Through coursework, research, service learning, and individualized learning experiences Access:Ability Scholars integrate their academic learning and real- world experiences. Formal and informal events designed especially for the scholars support them in building connections with a diverse group of academics and people in the community who care about disability. Across their four years at UD, Access:Ability Scholars focus on ways they can contribute to their academic career field and the disability community at large. Learn more about Access:Ability Scholars here.
Access:Ability Scholars Opportunities (password protected): This database includes a list of potential positions with University and partner organizations.
Submit Opportunity: Use this form to submit an opportunity.
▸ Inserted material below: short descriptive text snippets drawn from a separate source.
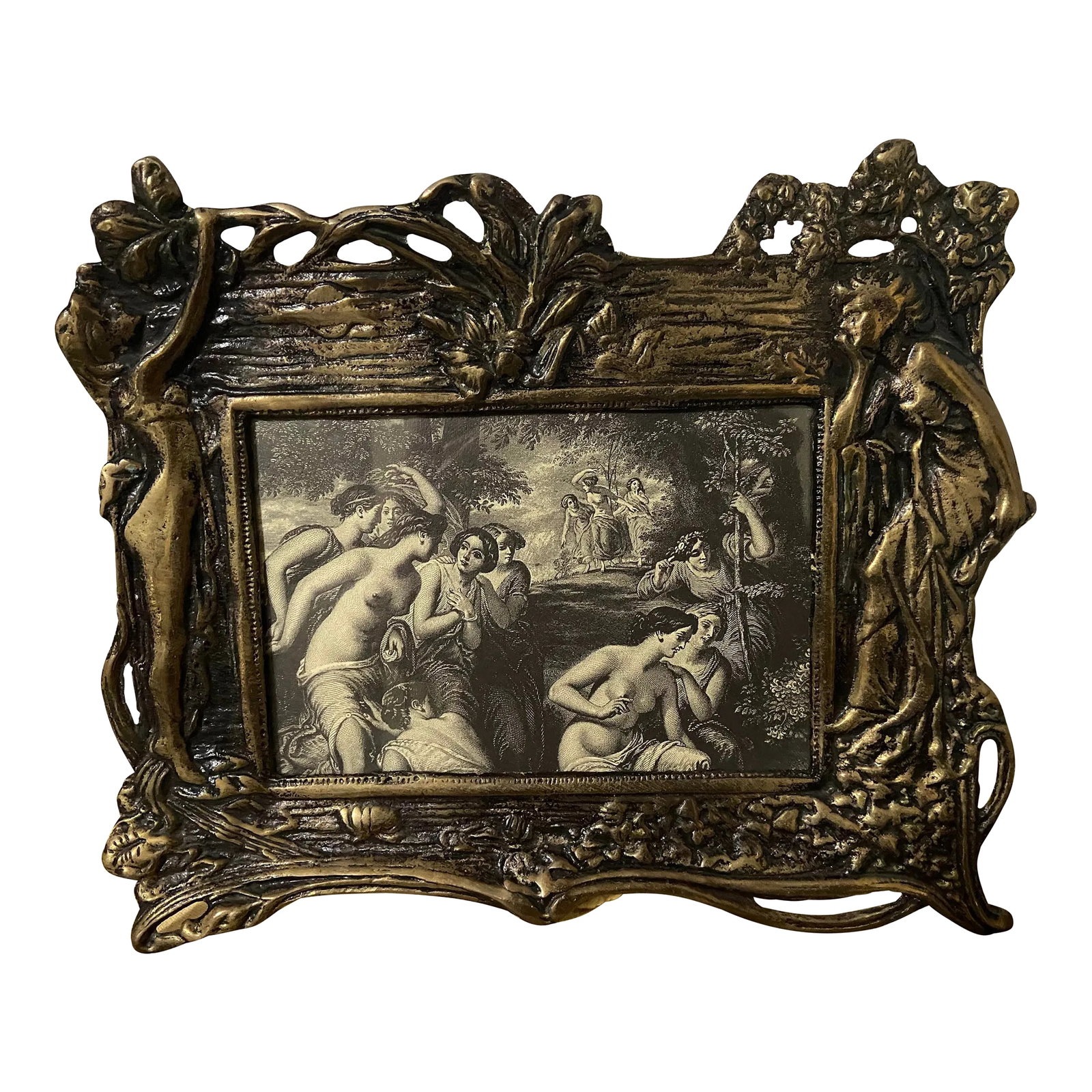 Mid 20th Century Art Deco Lady Brass Picture Frame: Art Devi French Brass Picture Frame With 2 ladies left & Right Picture in frame has a print reproduction. Of art nouveau women. Is removable Has a handle in back seats out to stand up frame Frame has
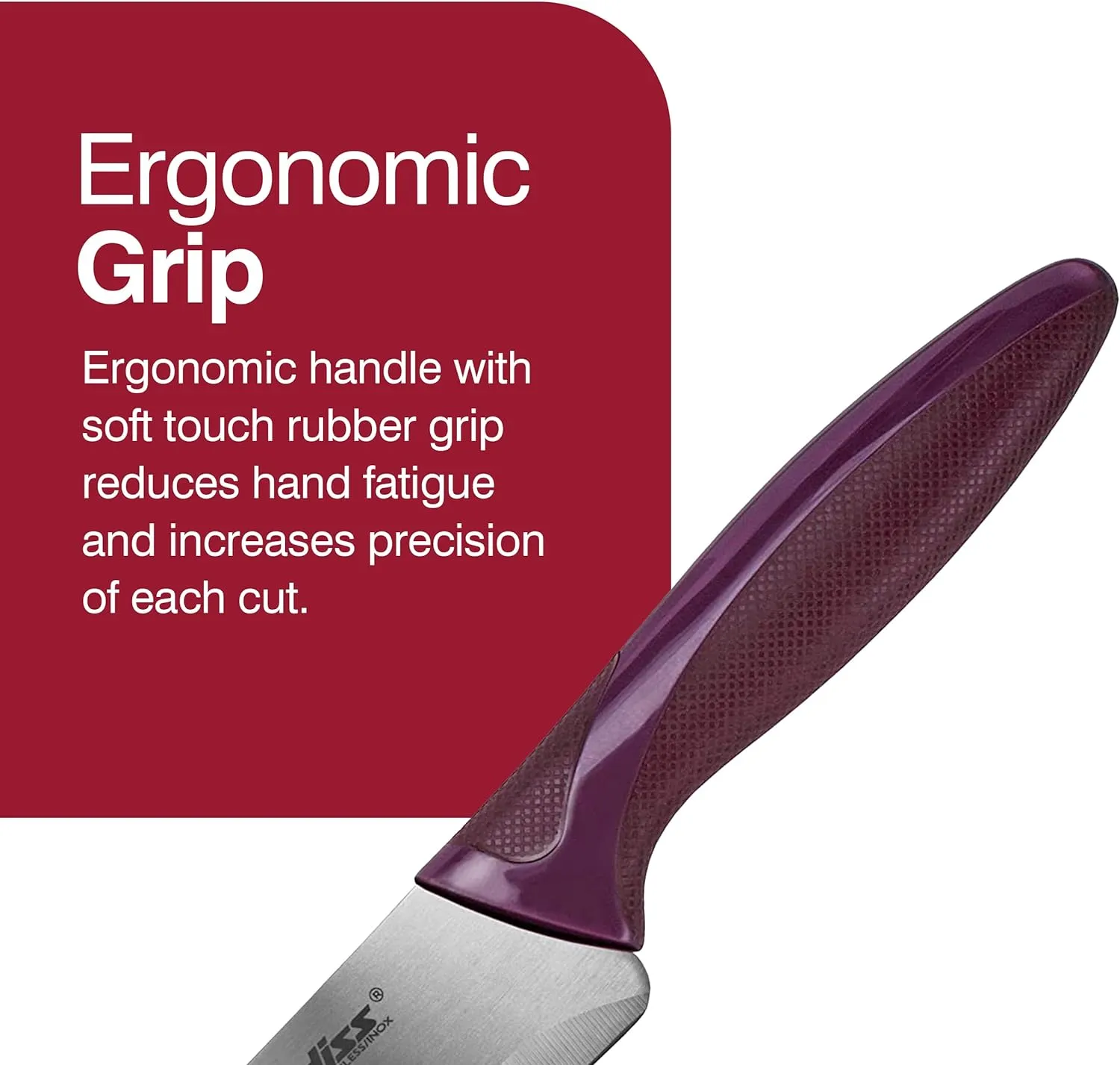 Zyliss Utility Knife with Sheath Cover - Precision Knife for Cutting & Slicing - Paring Knife for Meat, Fruits & Vegetables - Culinary Kitchen Knife - 5.5" Carbon Stainless Steel Blade - Purple
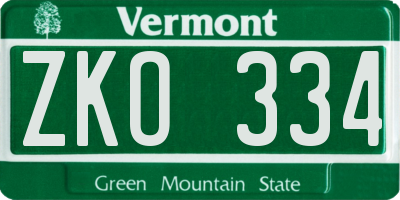 VT license plate ZKO334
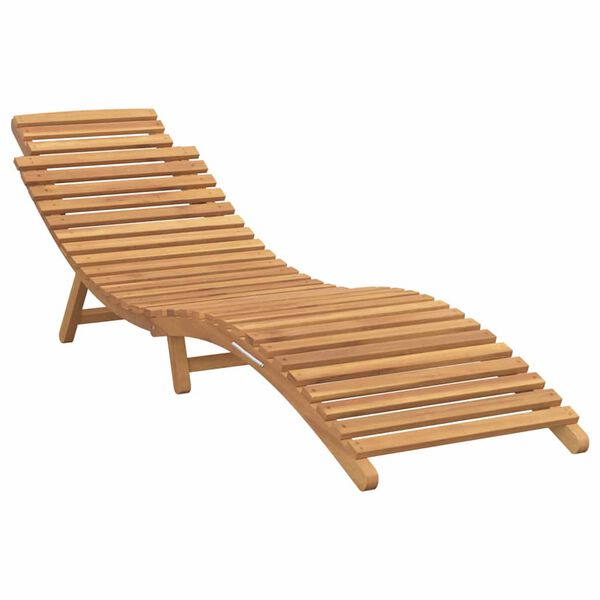 vidaXL Garden Sunlounger Brown 198 x 55 x 58.5 cm Solid Teak Wood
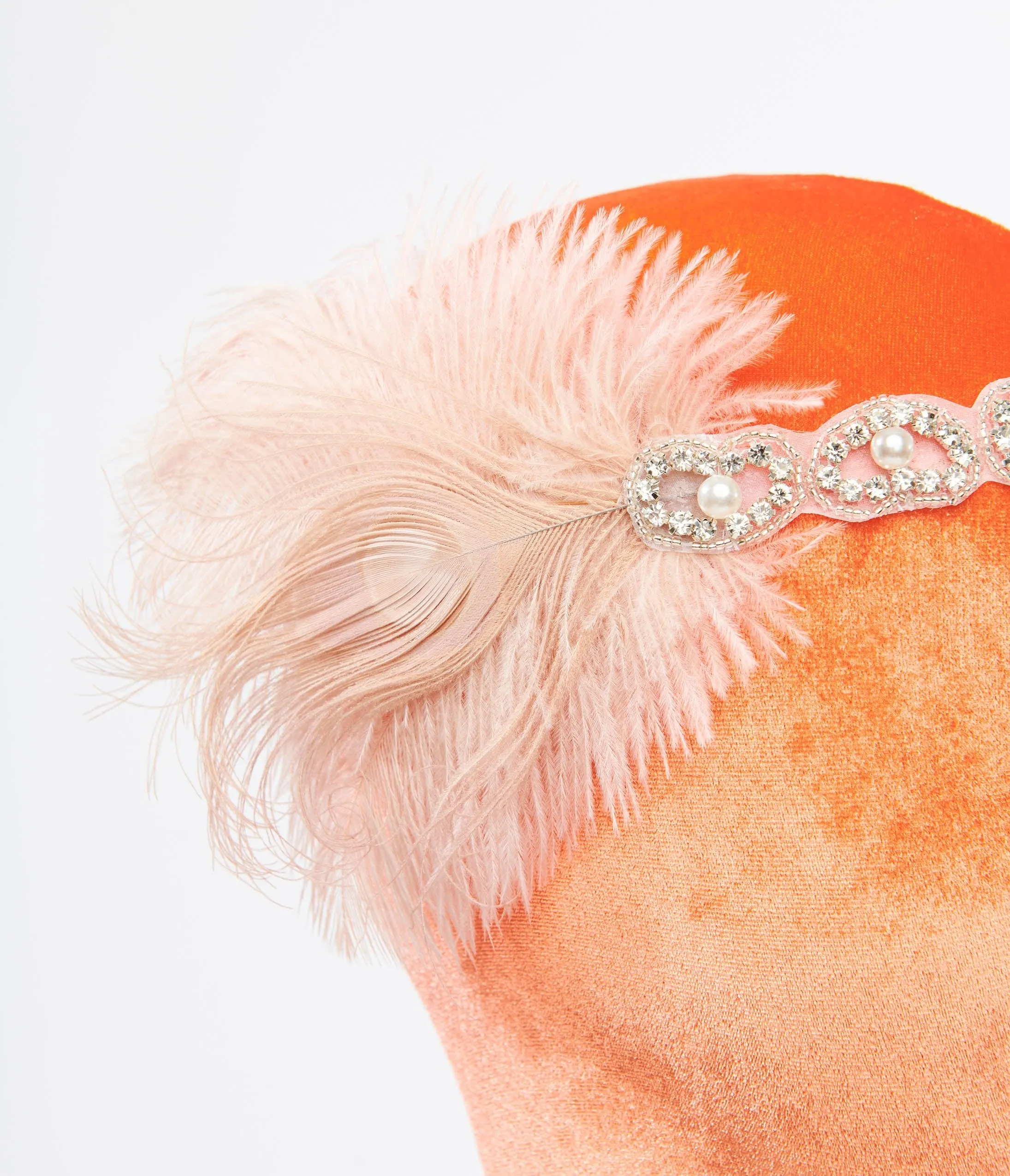 Unique Vintage 1920s Peach Feather & Silver Rhinestone Headband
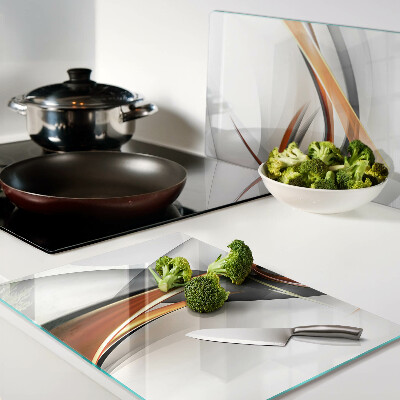 Schneidebrett glas Abstrakte Wellen in Goldtönen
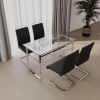 51 inch Glass Dining Table Set for 4, Dining Table & Chair Sets with Silver Plating Legs for Kitchen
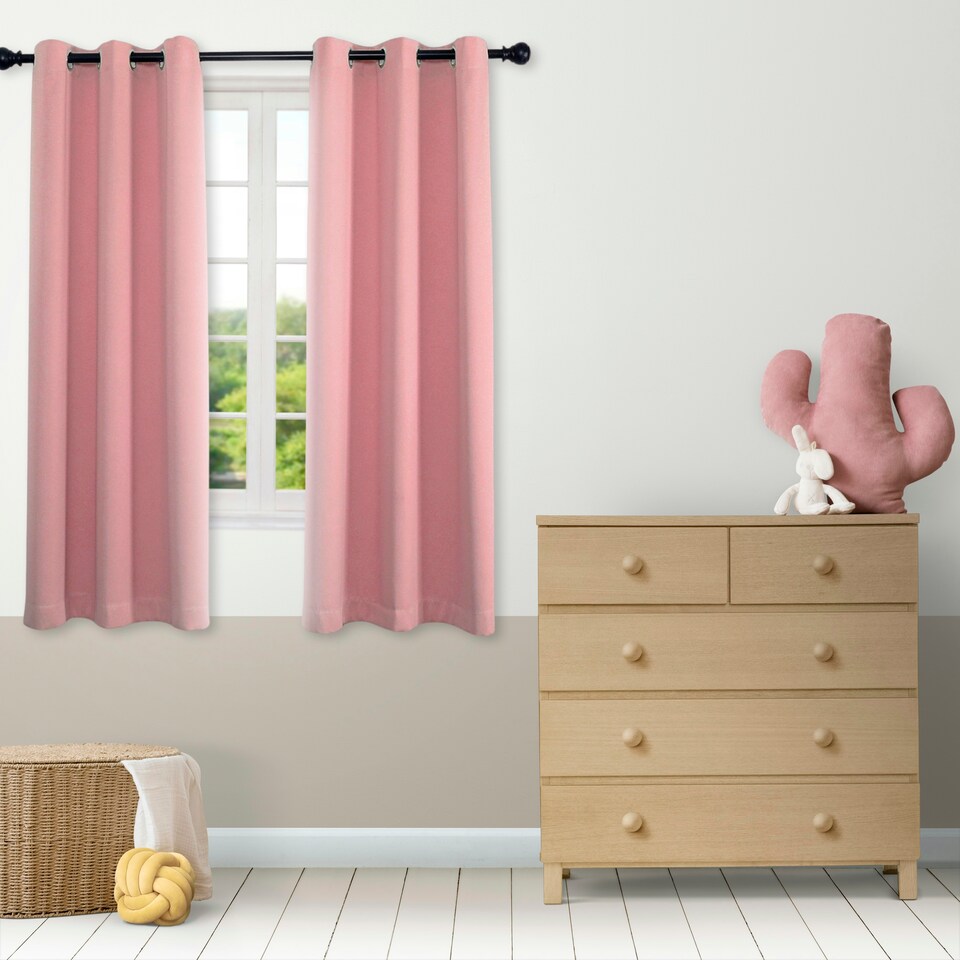 image 1 of Pink Eyelet Curtains - Thermal Blackout Curtains - 66 x 84 Inch Drop - 2 Panel Pink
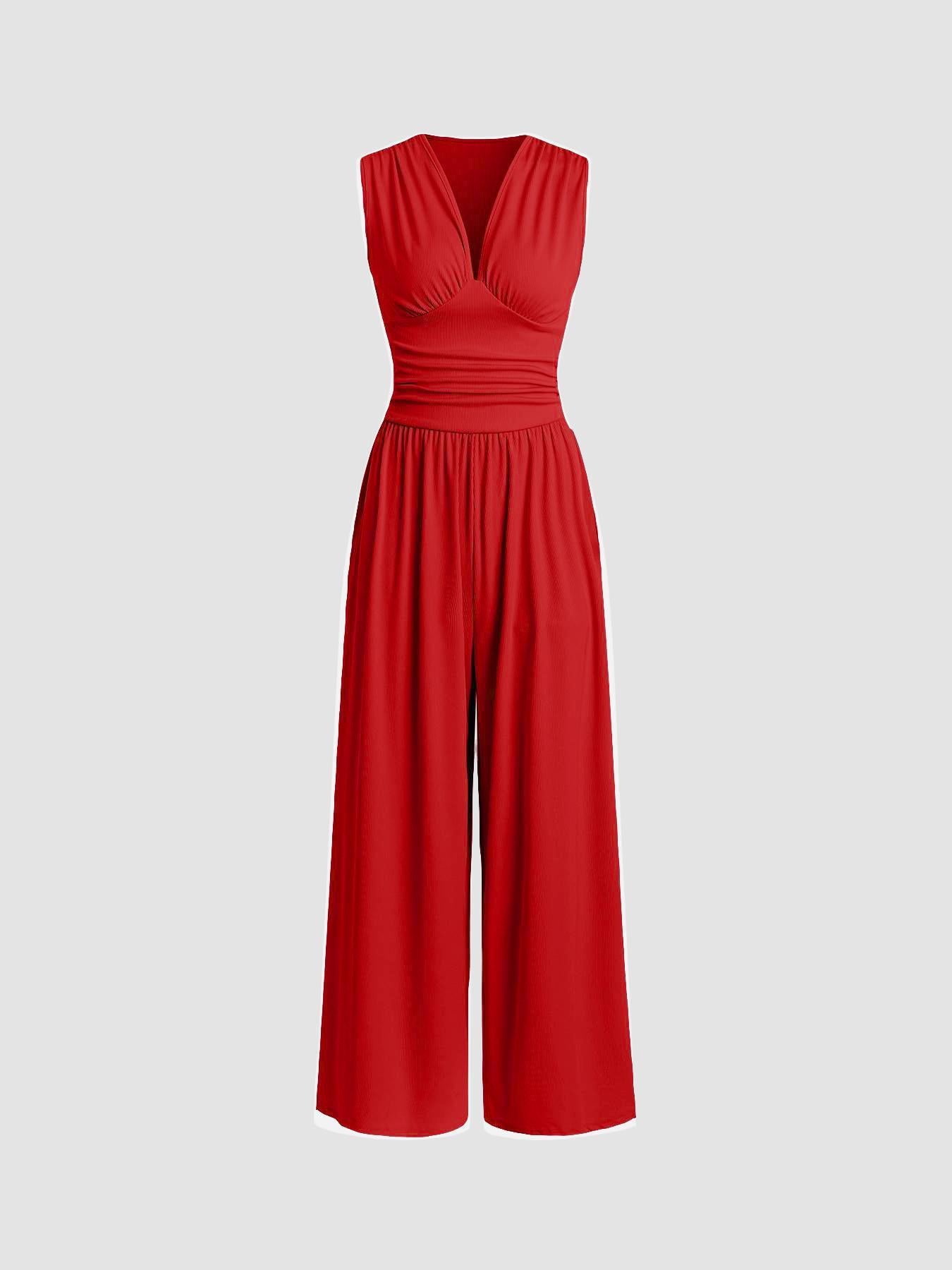 Sleeveless Knitted Jumpsuit Loose Wide-leg Pants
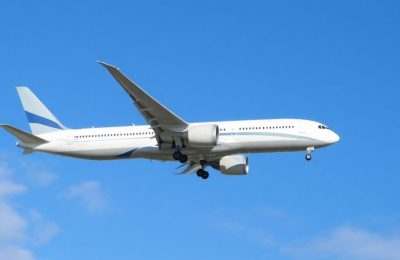 Avion Boeing 787 en vol, moteur coupé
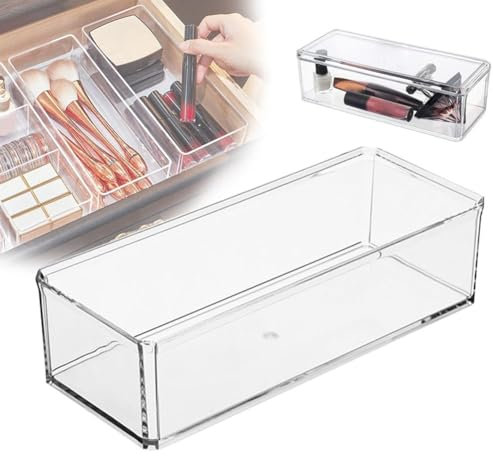 KKwercv Caja de almacenamiento de acrílico transparente con tapa, caja rectangular de plástico, caja de almacenamiento de cosméticos, caja de almacenamiento acrílica de escritorio para organizador de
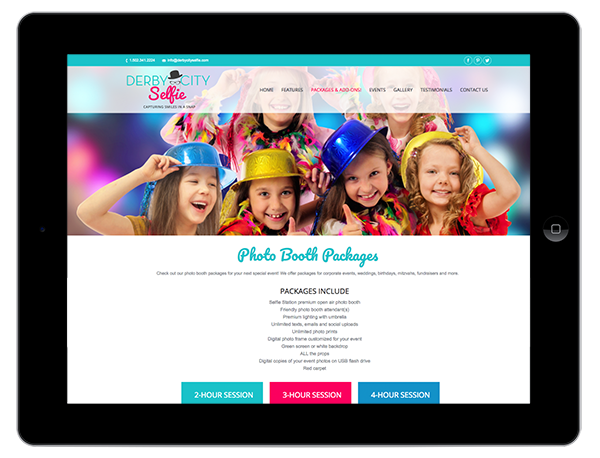 Website design on a tablet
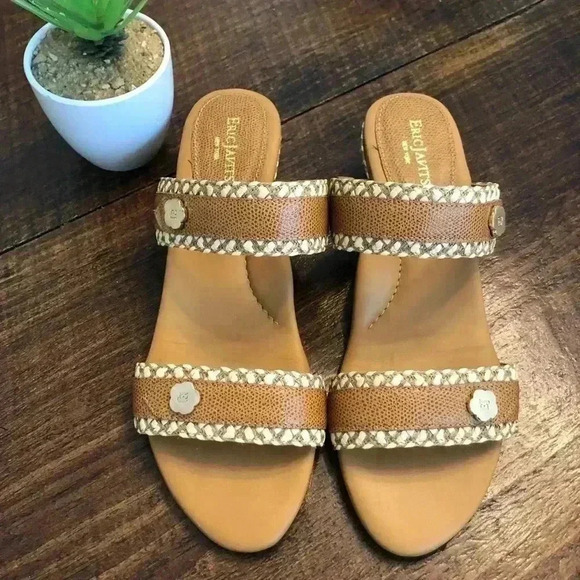 Eric Javits | Tan & Cream Slides Low Wedge Sandals - Picture 1 of 4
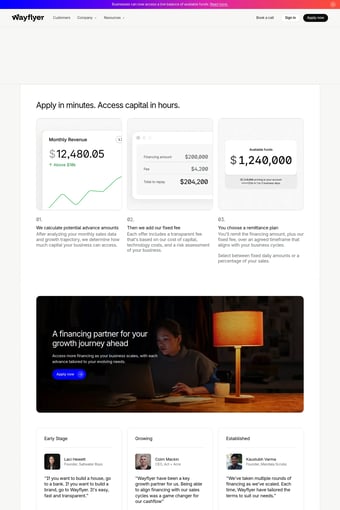 Wayflyer: Business Financing, Built for Growth landing page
Your submission will be reviewed and you will be contacted with any questions.
The shortage of appropriately trained special education leaders is problematic nationwide, but even more acute in Delaware. Although a special education director credential exists in Delaware code, fewer than half of current directors are credentialed.
To prepare more special education leaders to take on their ever-evolving roles and responsibilities, the Center for Disabilities Studies, in partnership with other education centers at the University of Delaware and the Delaware Department of Education (DDOE), launched in January 2020 the state’s first special education-specific leadership training program. It offers an alternate route to certification for special education administrators and is supported by a five-year, $1 million grant from the U.S. Department of Education.
Delaware’s growing capacity for serving people with ASD and their families requires a new generation of leaders to sustain and guarantee its future success.
The Delaware Leadership Education in Neurodevelopmental Disabilities (LEND) training program is part of a national network of training programs for pre-professionals, professionals, self-advocates and family members that promotes interdisciplinary, culturally competent, family-centered care. A year-long intensive training program offers experiential learning opportunities for graduate students, postdoctoral fellows, family members and self-advocates, who work together to understand the most pressing challenges and develop innovative solutions. Trainees work with experts at the University of Delaware and Nemours/A.I. duPont Hospital for Children, and with self-advocates and families in their homes and natural environments, as they are tasked with considering how they will contribute as future leaders in their field.